• Wietske Blees

Investment data: strategy, governance and storage

Transitioning from legacy data management systems towards big data and unstructured ‘data lakes’ can bring significant benefits, provided you think carefully about the solutions you require and implement your systems accordingly.

Speaking at the 5th Australian Asset Owner Forum hosted by Fund Business in Melbourne last week, Bill Pryor, global head of data & analytics for Citi Custody & Fund Services, said the promise of big data as a means to solving all problems, whether regulatory, reporting, risk, compliance, liquidity or analysis in nature, is a tempting one. He also said there are real signs that it is a much better approach when compared to traditional legacy data warehouse technology.

Bill Pryor ​- Global Head of Data & Analytics, Citi Custody and Fund Services​
Bill Pryor ​- Global Head of Data & Analytics, Citi Custody and Fund Services​
For all of this to work, data governance is absolutely key. All firms are different, but you do need a data governance framework, it needs to be cross-organisational and it has to be continuous, to ensure the data quality is accurate

Pryor said other industry success stories utilising this approach, such as Google, Amazon, Twitter and Facebook, have highlighted the potential to quickly ingest and process vast amounts of data and provide lightning fast access. However, it does require a new approach to data management than fund managers and asset owners have applied to date.

“Historically just about everyone has envisioned the promise of data analytics as the absolute nirvana. You have all the data at your fingertips that gets put together and modelled in a way that reflects your complete investment picture. It’s the objective that we are all chasing, but with previous approaches, the reality has been that it is a lot of effort, a lot of cost, takes a long time and it comes with a lot of challenges,” Pryor said.

For example, developing strategies to support data quality can be a time-consuming undertaking; the acquisition of technology such as data warehouses and implementing these systems in practice can be both expensive and time consuming and not all business intelligence tools actually hit the mark.

“These are challenging and risky projects and even when you have built the right data model and you architect it to match your investment strategy – which is usually a very long and complex implementation plan – there is the ongoing maintenance that comes on top of it,” Pryor said.

Step change

However, Pryor said a new approach to data management is beginning to take hold.

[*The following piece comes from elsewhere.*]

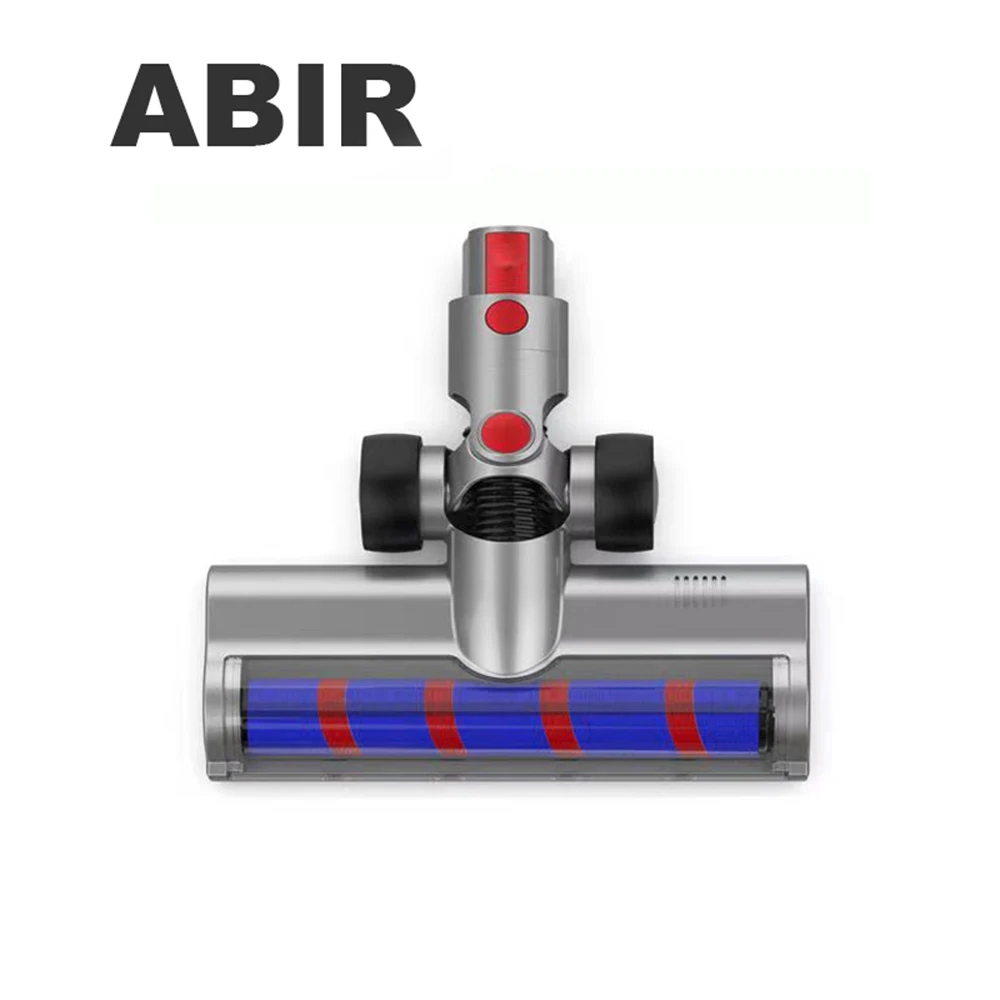 LED Floor Brush for Cordless Vacuum Cleaner ABIR VC205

Among clients, he said, interest is shifting away from legacy warehousing technologies and towards big data and unstructured data lakes.

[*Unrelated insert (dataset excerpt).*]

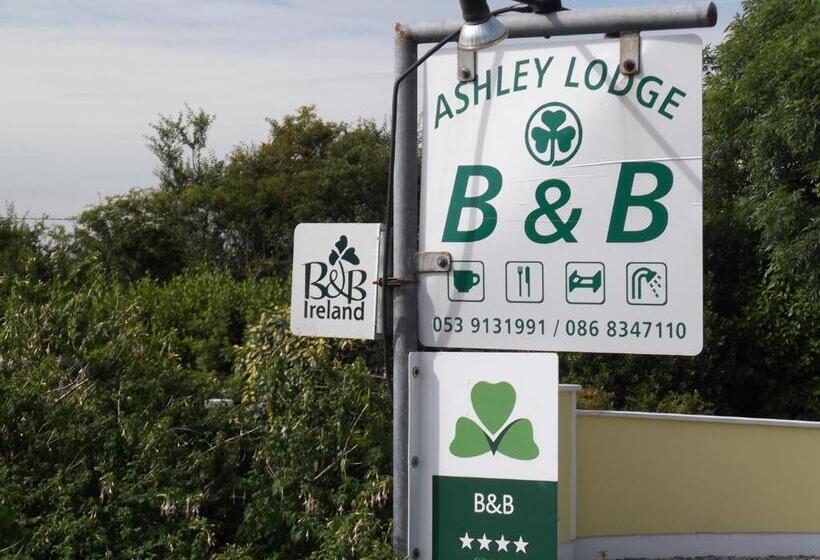 Ashley Lodge Bed & Breakfast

“Yes absolutely, legacy technology allows you to deliver data warehouse functionality, no doubt about that, but it is very costly, it does take a long implementation time, there is a lot of complexity and it is not massively repeatable. Similarly, while legacy data warehouses can provide real time feeds, data mining and predict values, they are not well suited to perform these activities and the type of response times that you see reflect those limitations,” Pryor said.

By contrast, a cloud-based unstructured data lake provides cheaper data storage and allows market participants to more easily ingest disparate data sets into one big data pool. To subsequently provide structure to these unstructured data sets, firms can apply business intelligence tools while machine learning techniques can continually improve performance, all in a much shorter time frame.

Pryor said that to date, most interest in unstructured solutions is coming from the operations side, where the benefits of automation are most obvious. “It’s early stages, but we are starting to see clients question the costs and the time it takes to see benefits when implementing projects that are based on the old data warehouse principles. At this point, the greatest demand is coming from the operations side, because so much is still done manually and if you can automate that, you get a higher quality process that is more straight through,” he said.

However, Pryor said that looking ahead, the potential benefits for performance analytics and investment functions are equally significant.

“The end game is taking all this data and applying it to investment analytics to properly reflect the complete investment picture. Where it is really going to get exciting going forward is the use of dynamic calculation engines and in-memory processing to recalculate your performance on the fly,” Pryor said.

“Being able to find that needle in the haystack, no matter what type of data it is, whether it is custody data, accounting data, performance or risk; being able to apply business intelligence tools to provide structure to the data is the magic formula that will give you this type of instant empowerment to get to the answers to your questions, whatever they may be,” Pryor said.

Data strategy is key

While data lakes can provide more capabilities compared to traditional data warehouses, Pryor said it is critical that clients select the technology based on the use cases they are trying to solve.

“Often technologies get selected because people are enamoured by the technology, rather than the practicalities of how it is going to solve a use case. You need to flip that around and build your technology based on the problems you are trying to solve. When you hear about big data projects that haven’t quite achieved what they are doing or missed the mark completely, it is because they just went off and gobbled up all kinds of data without knowing what they are going to do with it,” Pryor said.

Data governance is equally critical. “For all of this to work, data governance is absolutely key. All firms are different, but you do need a data governance framework, it needs to be cross-organisational and it has to be continuous, to ensure the data quality is accurate,” Pryor said.

In terms of system requirements, Pryor recommended that insofar as possible, firms aim for zero maintenance requirements, infinite scalability and massive repeatability.

“This is not going to happen overnight, it is probably going to take three to five years for these systems to do everything you want, but the benefits will be worth it,” Pryor said.